(WHAT THE TASK REQUIRES):
With the images removed, transcribe the listing that follows exactly.

(DATASET RECORDS):

╭──

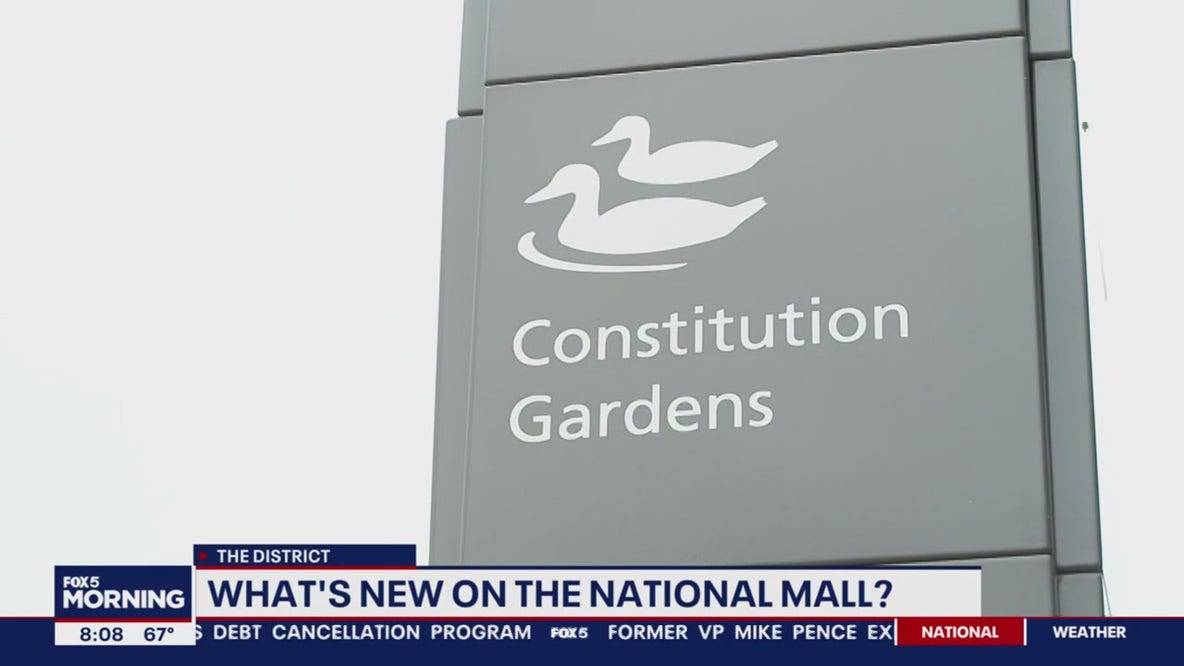 Upgrades to Constitution Gardens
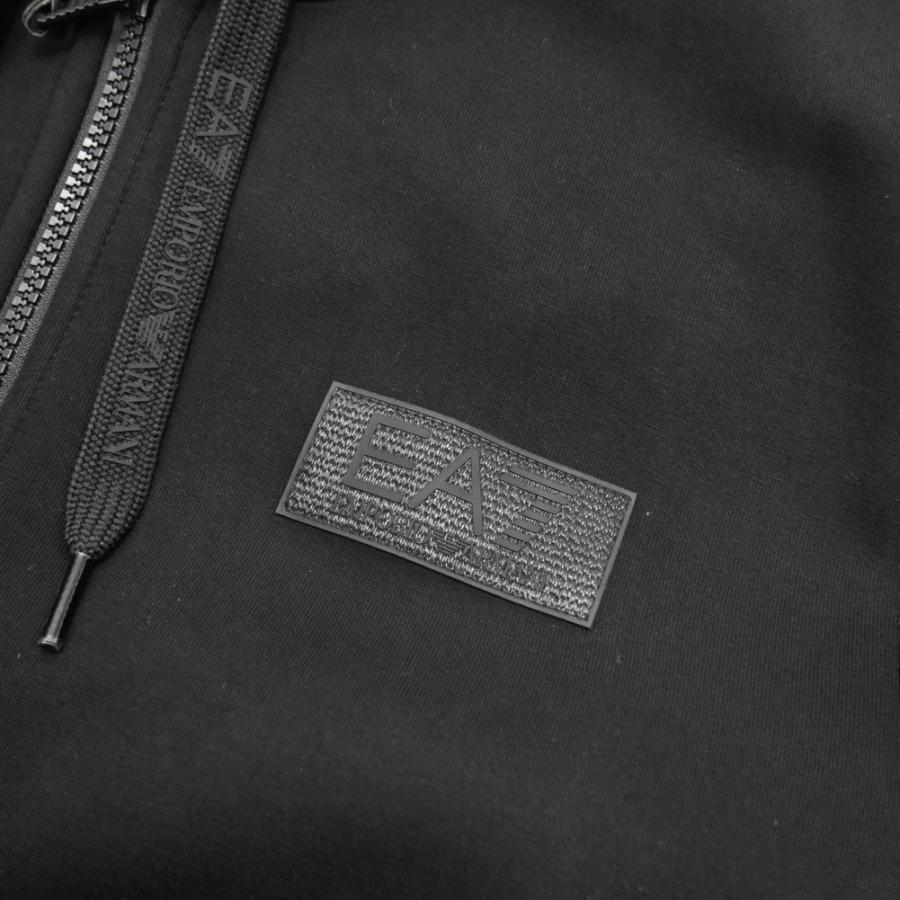 EMPORIO ARMANI エンポリオアルマーニ EA7 メンズジップアップパーカー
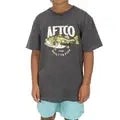 AFTCOWildCatchTShirtLGCharcoalHeather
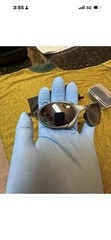 OAKLEY Sunglasses Romeo 1 X-Metal Black Iridium Men’s Eyewear authentic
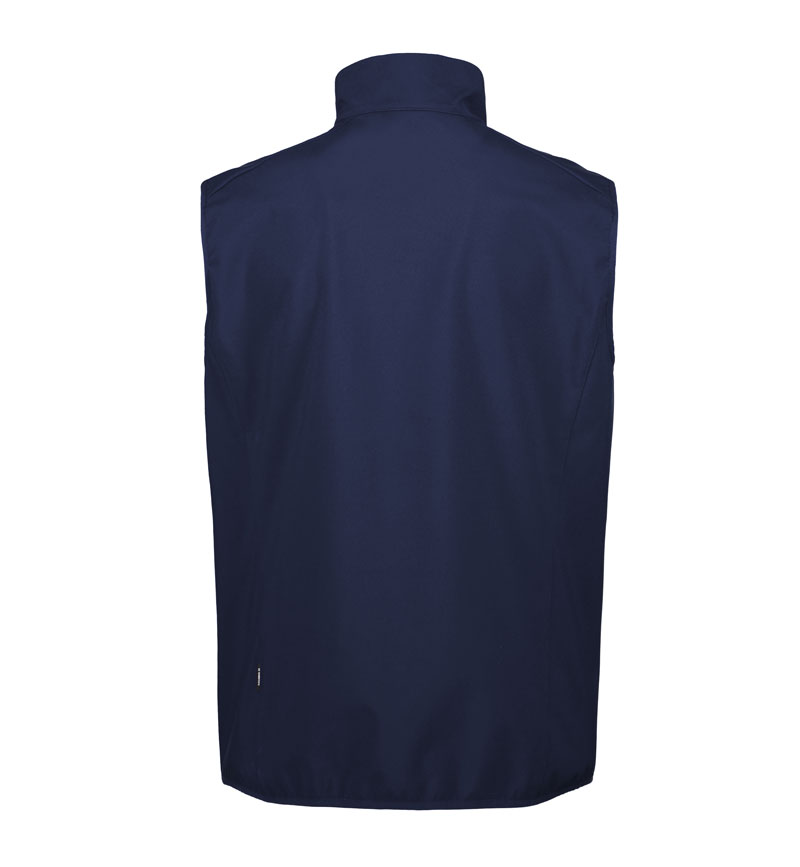 ID Funktionel herre softshellvest-Navy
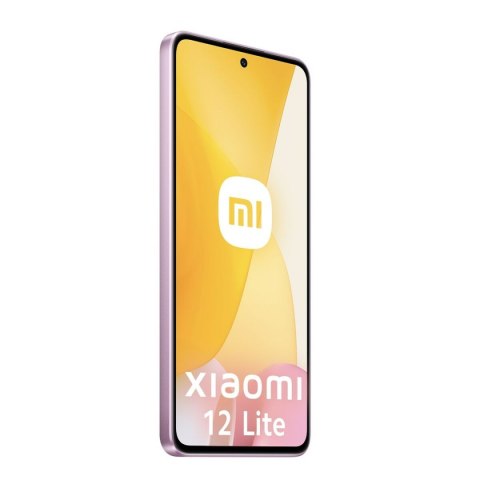 Smartfony Xiaomi 12 Lite 6,55" Octa Core 8 GB RAM 128 GB Różowy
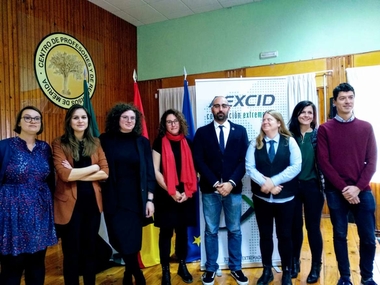 Ángel Calle destaca las migraciones, el asilo y los derechos de las personas refugiadas entre las prioridades de la cooperación extremeña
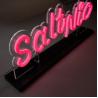 Buy cheap Romantic Wall Mounted Neon Signs Portable Acrylic LED Neon Sign from wholesalers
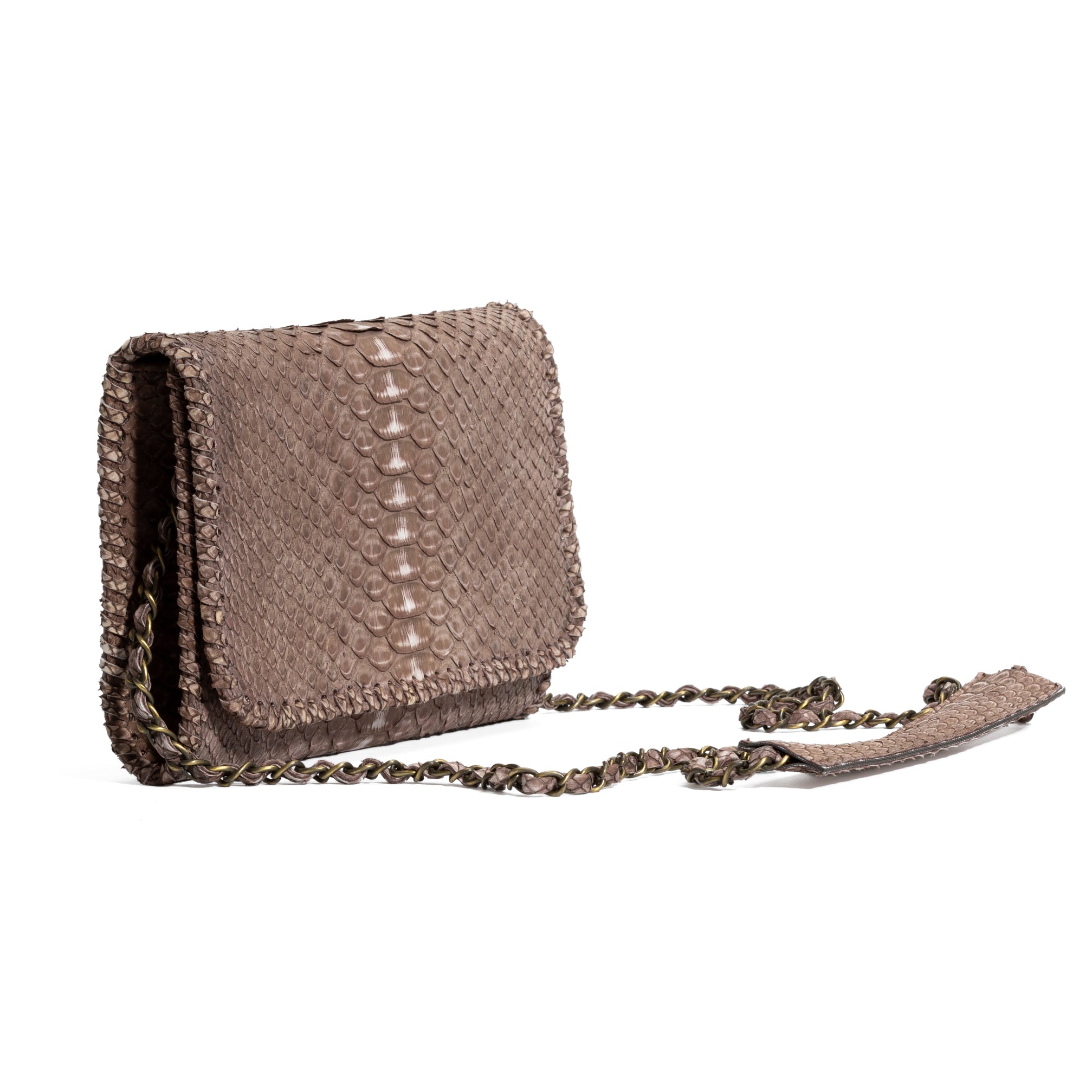 GAYA L PINK BROWN STONE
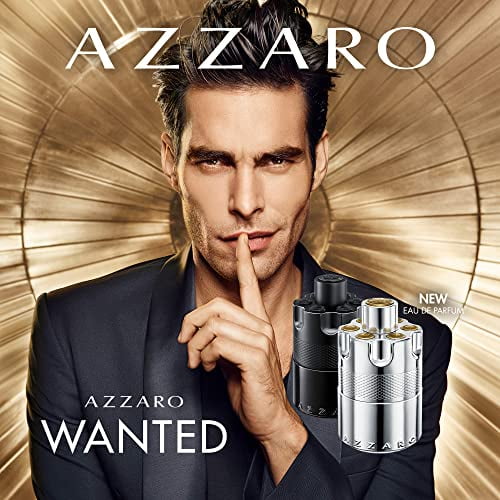 Azzaro Wanted Eau de Parfum, Mens Cologne, Fragrance For Men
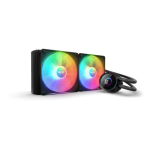 NZXT RL-KR280-B1 Kraken 280 RGB Black AIO Liquid CPU Cooler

╰──

(ANSWER BOX):
 Upgrades to Constitution Gardens
 EMPORIO ARMANI エンポリオアルマーニ EA7 メンズジップアップパーカー
 AFTCOWildCatchTShirtLGCharcoalHeather
 OAKLEY Sunglasses Romeo 1 X-Metal Black Iridium Men’s Eyewear authentic
 ID Funktionel herre softshellvest-Navy
 Smartfony Xiaomi 12 Lite 6,55" Octa Core 8 GB RAM 128 GB Różowy
 Ángel Calle destaca las migraciones, el asilo y los derechos de las personas refugiadas entre las prioridades de la cooperación extremeña
 Buy cheap Romantic Wall Mounted Neon Signs Portable Acrylic LED Neon Sign from wholesalers
 GAYA L PINK BROWN STONE
 Azzaro Wanted Eau de Parfum, Mens Cologne, Fragrance For Men
 NZXT RL-KR280-B1 Kraken 280 RGB Black AIO Liquid CPU Cooler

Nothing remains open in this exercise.